* _Data section_:

++++++

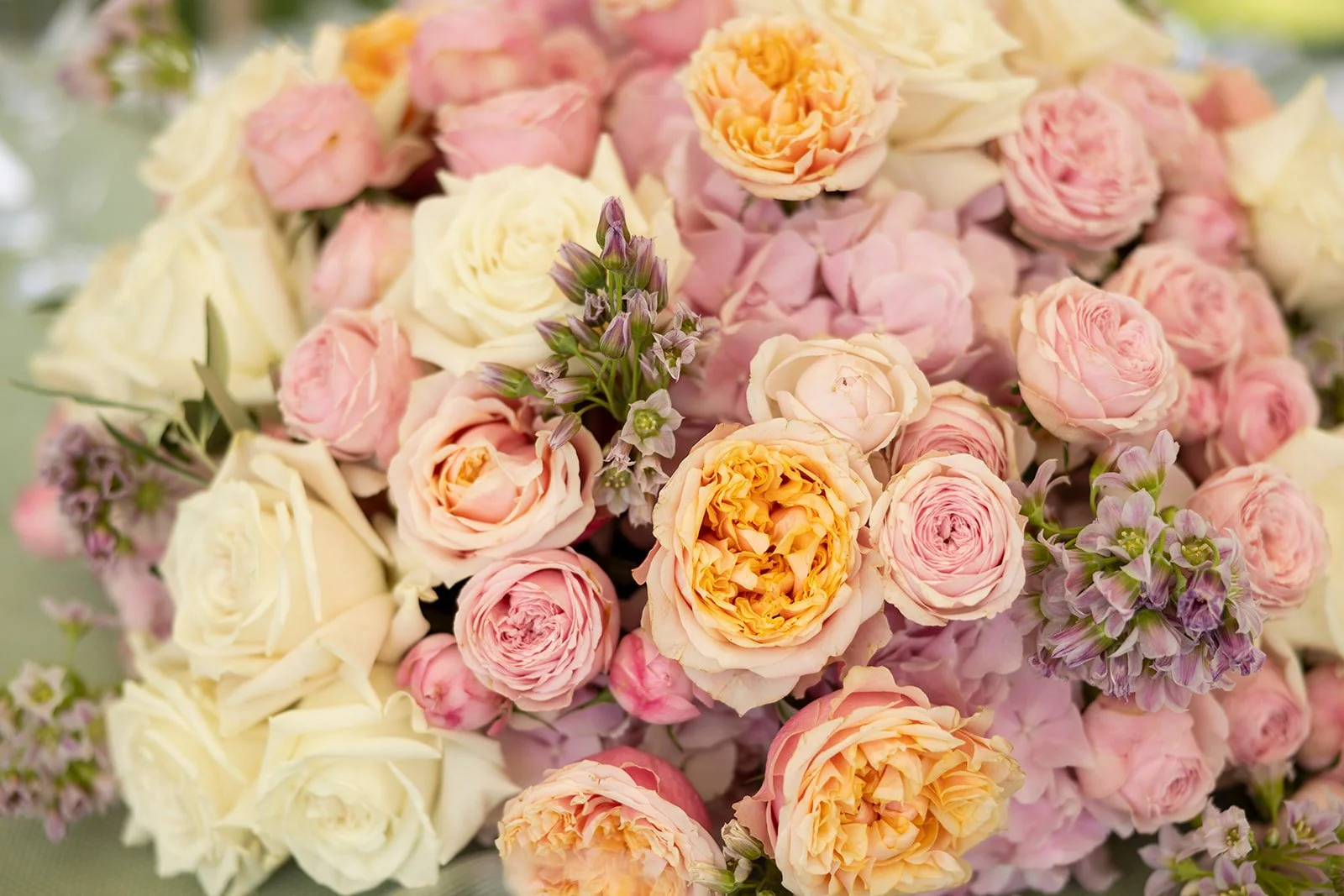 A close-up of a bouquet of roses and other flowers in pastel colors including pink, cream, and peach.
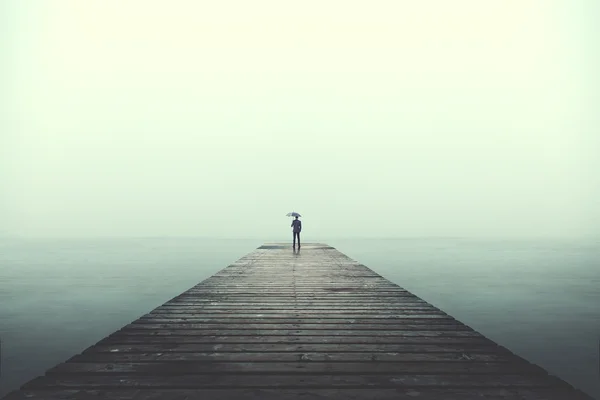 Sad business man with umbrella looking at the horizon — Stock Photo, Image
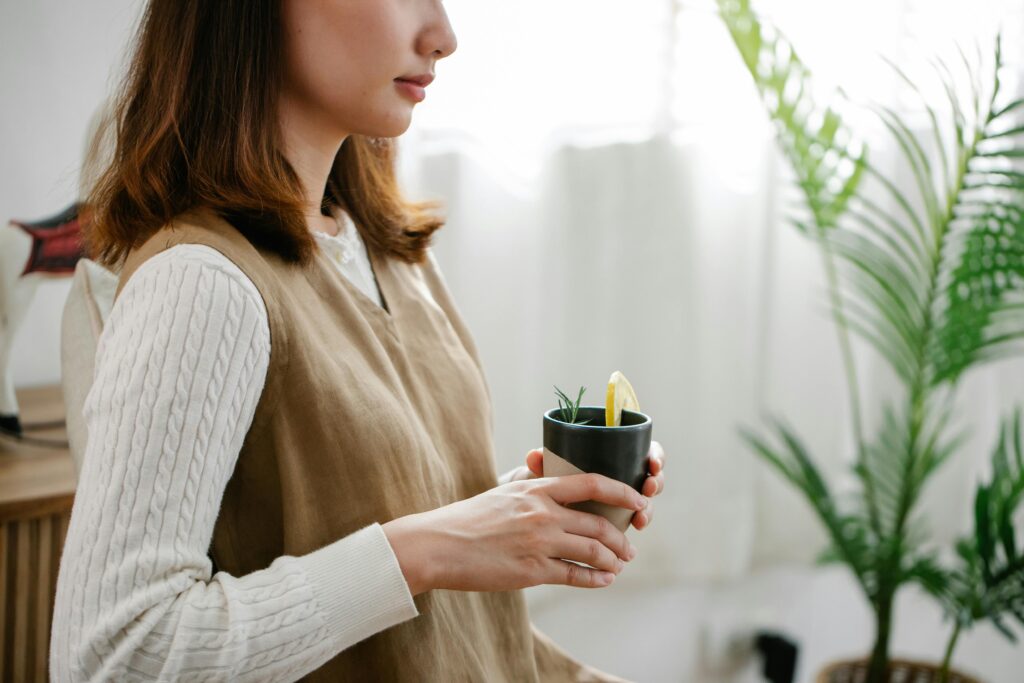 Close-up of a woman holding a herbal tea cup indoors with natural light and plant decor.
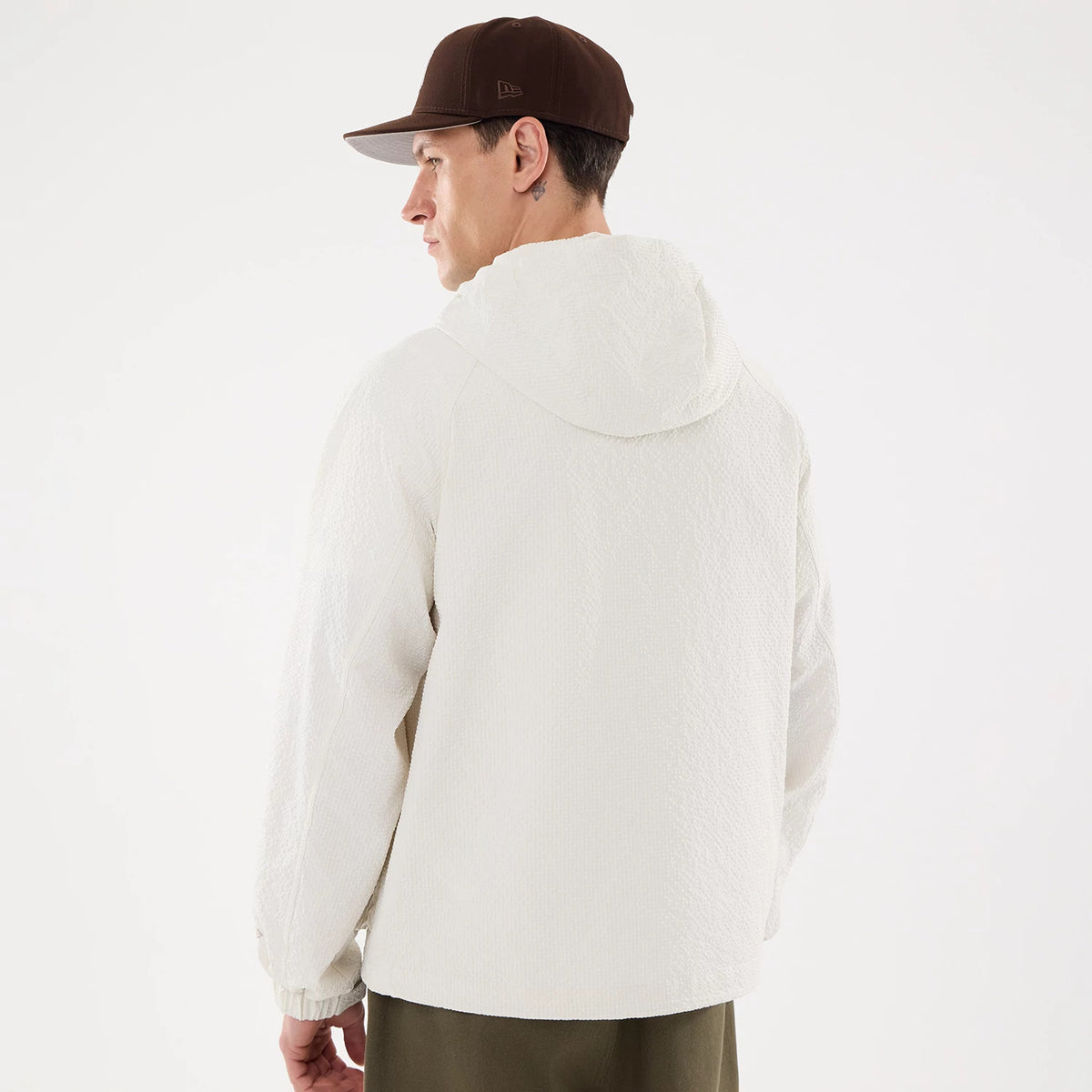 The model is wearing this New Era Black Label Jacket in open white. 2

++++++

* _Required work_: Leave the pictures out and return the rest of the listing exactly.

* _Solution_:
 A close-up of a bouquet of roses and other flowers in pastel colors including pink, cream, and peach.
 Sad business man with umbrella looking at the horizon — Stock Photo, Image
 Close-up of a woman holding a herbal tea cup indoors with natural light and plant decor.
 The model is wearing this New Era Black Label Jacket in open white. 2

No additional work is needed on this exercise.